Computer Science and Engineering Department, University of Connecticut, Storrs, CT, USA.
Computer Science and Engineering Department and Institute for Systems Genomics, University of Connecticut, Storrs, CT, USA.
BMC Bioinformatics. 2018 Oct 22;19(Suppl 11):361. doi: 10.1186/s12859-018-2332-x.

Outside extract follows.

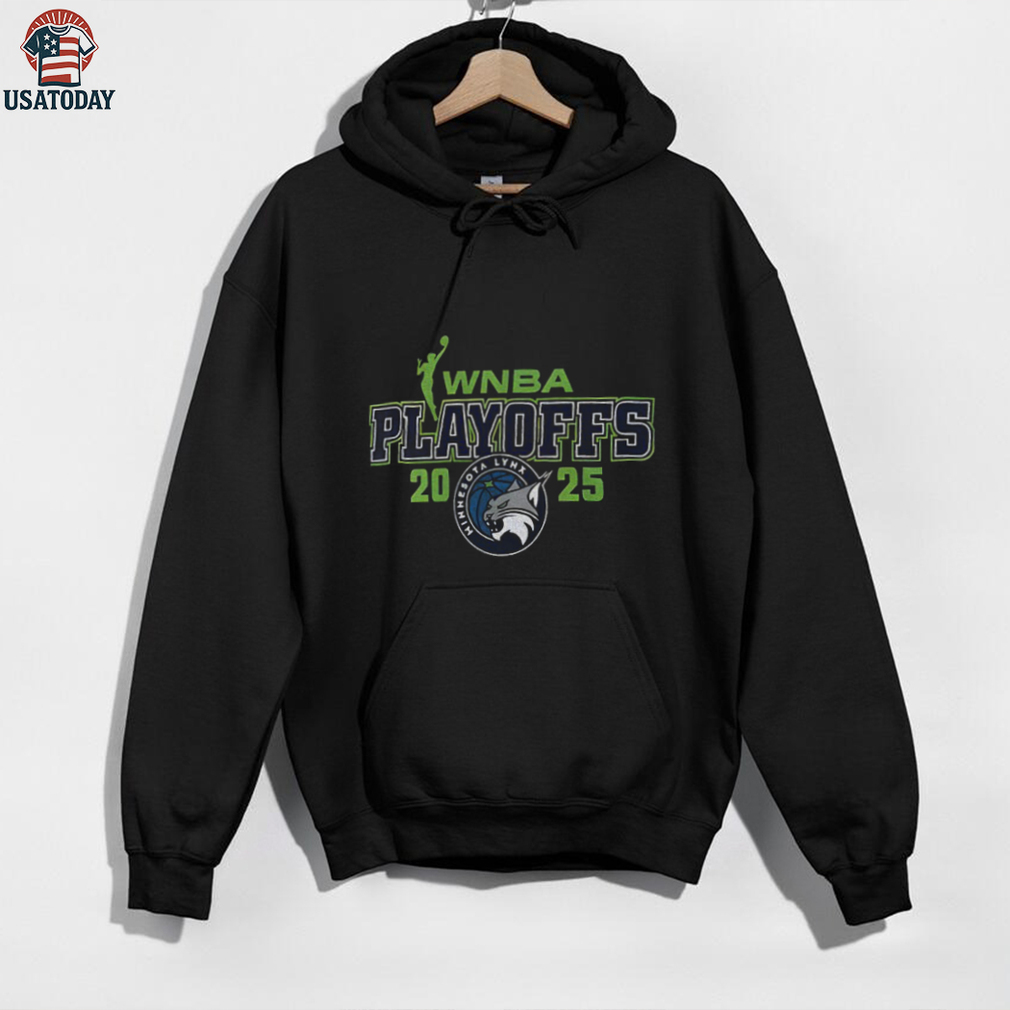 Minnesota Lynx Basketball WNBA Playoffs 2025 logo shirt Minnesota Lynx Basketball WNBA Playoffs 2025 logo shirt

Due to recent advances in sequencing technologies, sequence-based analysis has been widely applied to detecting copy number variations (CNVs). There are several techniques for identifying CNVs using next generation sequencing (NGS) data, however methods employing depth of coverage or read depth (RD) have recently become a main technique to identify CNVs. The main assumption of the RD-based CNV detection methods is that the readcount value at a specific genomic location is correlated with the copy number at that location. However, readcount data's noise and biases distort the association between the readcounts and copy numbers. For more accurate CNV identification, these biases and noise need to be mitigated. In this work, to detect CNVs more precisely and efficiently we propose a novel denoising method based on the total variation approach and the Taut String algorithm.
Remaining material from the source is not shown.